Echoing the results of other surveys on the subject, a 1998 Optum study in Minnesota found that 44 percent of educators endured high stress levels. The high stress was reported by educators of all ranks and cut through age, economic and gender boundaries. Many studies have shown that educators cited a lack of support from administrators as a key source of stress.
Optum followed up its research over several years to find solutions. Attridge said his firm established "behavioral" stress relief strategies at an inner city Minneapolis school to give teachers greater control and less costly alternatives to prescribed medications. For example, educators were encouraged to seek more support and vent to friends and family, find brief exercise breaks, and improve their diets. Self-care exercises prompt teachers to segregate problems into controllable activities and focus less on dynamics that are less controllable, he says. For example, he says teachers should not fret about a student's negative home life, but refer those problem cases to social workers.
Over a year, stress levels declined by about 15 percent at the school. "You can only change this so much," Attridge says. "It's hard to make a huge difference. If you give them an extra hour of prep every day, that would be huge. Schools can't afford that.

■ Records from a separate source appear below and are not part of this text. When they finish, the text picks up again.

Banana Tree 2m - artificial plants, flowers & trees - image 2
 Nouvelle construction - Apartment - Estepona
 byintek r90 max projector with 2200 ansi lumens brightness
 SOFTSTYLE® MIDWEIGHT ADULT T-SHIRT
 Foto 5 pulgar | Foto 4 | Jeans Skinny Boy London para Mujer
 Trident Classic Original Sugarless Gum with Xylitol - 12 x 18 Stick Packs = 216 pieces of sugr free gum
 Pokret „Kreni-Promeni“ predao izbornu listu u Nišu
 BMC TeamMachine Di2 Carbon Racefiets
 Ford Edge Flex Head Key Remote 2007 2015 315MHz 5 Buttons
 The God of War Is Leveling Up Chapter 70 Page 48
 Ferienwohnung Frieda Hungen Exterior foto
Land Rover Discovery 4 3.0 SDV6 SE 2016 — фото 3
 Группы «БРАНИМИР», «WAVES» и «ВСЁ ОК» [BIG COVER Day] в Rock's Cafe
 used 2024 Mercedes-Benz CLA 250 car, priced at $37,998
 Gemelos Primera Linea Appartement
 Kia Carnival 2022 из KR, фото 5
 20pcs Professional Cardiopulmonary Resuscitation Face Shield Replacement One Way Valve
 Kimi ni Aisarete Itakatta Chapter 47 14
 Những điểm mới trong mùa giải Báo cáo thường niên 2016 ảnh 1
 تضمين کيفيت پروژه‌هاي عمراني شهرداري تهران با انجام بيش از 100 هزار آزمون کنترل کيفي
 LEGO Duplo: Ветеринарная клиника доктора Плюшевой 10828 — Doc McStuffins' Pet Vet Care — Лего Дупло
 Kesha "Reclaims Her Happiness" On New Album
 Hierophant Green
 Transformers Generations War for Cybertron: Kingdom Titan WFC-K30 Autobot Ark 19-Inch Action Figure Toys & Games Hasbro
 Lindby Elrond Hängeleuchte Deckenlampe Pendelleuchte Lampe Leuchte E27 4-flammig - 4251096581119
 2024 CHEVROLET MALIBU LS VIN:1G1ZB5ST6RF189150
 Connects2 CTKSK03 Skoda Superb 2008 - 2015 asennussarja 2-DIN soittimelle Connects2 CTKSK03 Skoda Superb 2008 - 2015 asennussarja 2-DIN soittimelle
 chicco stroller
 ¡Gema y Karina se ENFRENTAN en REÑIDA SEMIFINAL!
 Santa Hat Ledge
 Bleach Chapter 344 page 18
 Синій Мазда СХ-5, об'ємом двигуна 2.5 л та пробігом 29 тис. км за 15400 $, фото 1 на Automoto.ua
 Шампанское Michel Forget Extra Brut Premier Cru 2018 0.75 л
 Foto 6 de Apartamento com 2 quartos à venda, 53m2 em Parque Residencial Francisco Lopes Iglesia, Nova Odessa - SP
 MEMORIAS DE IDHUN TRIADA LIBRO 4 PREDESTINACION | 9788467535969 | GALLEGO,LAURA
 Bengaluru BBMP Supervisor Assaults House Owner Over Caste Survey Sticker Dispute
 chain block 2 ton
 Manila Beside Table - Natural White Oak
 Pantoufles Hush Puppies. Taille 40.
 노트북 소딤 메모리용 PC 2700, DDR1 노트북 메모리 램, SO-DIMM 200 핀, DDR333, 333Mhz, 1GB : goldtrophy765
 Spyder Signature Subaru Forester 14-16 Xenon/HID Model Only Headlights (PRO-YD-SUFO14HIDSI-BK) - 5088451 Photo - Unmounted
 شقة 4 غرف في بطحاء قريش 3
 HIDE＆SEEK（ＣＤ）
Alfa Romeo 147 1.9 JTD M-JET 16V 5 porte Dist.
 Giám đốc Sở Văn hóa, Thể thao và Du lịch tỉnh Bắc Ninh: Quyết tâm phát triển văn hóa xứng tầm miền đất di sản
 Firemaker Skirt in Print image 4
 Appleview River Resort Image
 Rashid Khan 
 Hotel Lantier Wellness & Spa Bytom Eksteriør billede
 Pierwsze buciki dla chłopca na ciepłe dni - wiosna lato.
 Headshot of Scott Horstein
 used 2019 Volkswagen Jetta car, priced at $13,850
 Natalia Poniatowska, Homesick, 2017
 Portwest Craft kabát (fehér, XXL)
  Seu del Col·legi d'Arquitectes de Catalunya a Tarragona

Teachers are buying kids pencils out of their own budgets."
Darryl Alexander, the American Federation of Teachers' health and safety director, says she worries that mental stress among educators could impact physical health. With little success so far, she has been trying to get the Centers for Disease Control and Prevention to study the physical consequences-measuring Levels of the stress hormone cortisol, for example, in teachers. "I would like to see if teachers have a disproportionate rate of stress-related diseases," she says. "We need more documentation."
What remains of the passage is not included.